PFAS transport in the unsaturated zone

Characterization of contaminants transport in the subsurface is a key component for any measures required for either prevention of water resources pollution or remediation of contaminated sites. Yet, most water resources pollution start with down percolation of contaminated water from land surface through the unsaturated zone to the underlying groundwater, and from there to related surface water resources such as rivers and lakes. Therefore, real time monitoring of contaminant migration in the unsaturated zone is critical for both characterization of pollutants fate and to effective remediation of contaminated sites.

Per- and polyfluoroalkyl substances (PFAS), are a group of new man-made chemicals which is considered emerging contaminant that impose great concern to human health. PFAS release to the environment is attributed to many sources. Yet, decomposition of domestic and industrial waste in landfills and fire-fighting training zones, where PFAS has been heavily implemented as part of the chemical compounds which were commonly used for fire control, are considered major sources for PFAS release to the environment.

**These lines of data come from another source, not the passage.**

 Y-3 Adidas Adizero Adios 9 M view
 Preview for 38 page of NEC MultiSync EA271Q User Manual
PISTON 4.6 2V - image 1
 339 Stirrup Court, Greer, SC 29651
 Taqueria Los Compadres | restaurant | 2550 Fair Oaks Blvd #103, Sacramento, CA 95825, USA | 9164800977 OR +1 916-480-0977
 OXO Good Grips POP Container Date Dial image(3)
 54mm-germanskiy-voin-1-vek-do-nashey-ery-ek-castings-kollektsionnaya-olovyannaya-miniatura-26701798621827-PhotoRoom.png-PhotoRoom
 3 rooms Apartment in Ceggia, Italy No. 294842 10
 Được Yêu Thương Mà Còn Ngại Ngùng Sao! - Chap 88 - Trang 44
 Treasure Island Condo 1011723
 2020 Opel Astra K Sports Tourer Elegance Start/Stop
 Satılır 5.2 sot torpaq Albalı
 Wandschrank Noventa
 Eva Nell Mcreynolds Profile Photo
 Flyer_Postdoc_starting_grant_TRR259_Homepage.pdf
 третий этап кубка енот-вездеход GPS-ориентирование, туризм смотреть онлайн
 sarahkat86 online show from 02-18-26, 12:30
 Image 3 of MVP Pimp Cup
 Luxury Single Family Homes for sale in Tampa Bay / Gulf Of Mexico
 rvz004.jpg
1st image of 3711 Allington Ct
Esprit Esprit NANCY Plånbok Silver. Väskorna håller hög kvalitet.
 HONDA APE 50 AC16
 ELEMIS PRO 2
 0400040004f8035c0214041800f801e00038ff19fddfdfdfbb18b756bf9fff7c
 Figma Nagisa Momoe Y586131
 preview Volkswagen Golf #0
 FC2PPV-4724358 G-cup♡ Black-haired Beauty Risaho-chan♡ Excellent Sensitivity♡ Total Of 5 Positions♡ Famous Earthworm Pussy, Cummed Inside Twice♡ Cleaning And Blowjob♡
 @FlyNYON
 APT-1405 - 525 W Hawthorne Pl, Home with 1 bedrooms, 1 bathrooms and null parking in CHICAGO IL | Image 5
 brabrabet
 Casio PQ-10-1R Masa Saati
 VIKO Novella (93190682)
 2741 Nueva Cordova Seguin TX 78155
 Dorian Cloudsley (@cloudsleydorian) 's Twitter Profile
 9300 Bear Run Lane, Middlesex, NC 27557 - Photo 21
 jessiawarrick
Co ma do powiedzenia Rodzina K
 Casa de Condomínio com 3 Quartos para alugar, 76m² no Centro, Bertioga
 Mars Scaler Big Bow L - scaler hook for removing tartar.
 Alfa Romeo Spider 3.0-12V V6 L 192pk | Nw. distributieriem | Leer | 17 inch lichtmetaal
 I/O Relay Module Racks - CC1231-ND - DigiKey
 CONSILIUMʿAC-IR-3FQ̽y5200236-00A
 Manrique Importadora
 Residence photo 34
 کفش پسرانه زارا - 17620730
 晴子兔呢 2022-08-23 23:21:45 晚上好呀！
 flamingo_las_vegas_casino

SCENARIOS, is an EU funded project, aiming at achieving new strategies and methods for detection, quantification, control and elimination of PFAS from soil, vadose zone and water. Throughout the framework of project, advanced Vadose zone Monitoring Systems (VMS) are implemented at typical PFAS contaminated sites, landfills and fire fighting training zones. Sensoil's VMS technology provides real time continuous information on water flow and contaminant migration through the unsaturated zone, from land surface to the water-table. Analysis of unique data on PFAS transport in the subsurface, with respect to the site-specific hydro-geological, chemical and climatic conditions creates the base-ground for setting up the optimal remediation strategy. The mobility of PFAS in natural unsaturated zones, as measured in full scale field conditions, will be analysed by combining measurements of their interfacial properties with experiments in porous media models and multi-scale numerical models able to describe the fate of PFAS from the pore-scale to aquifer-scale.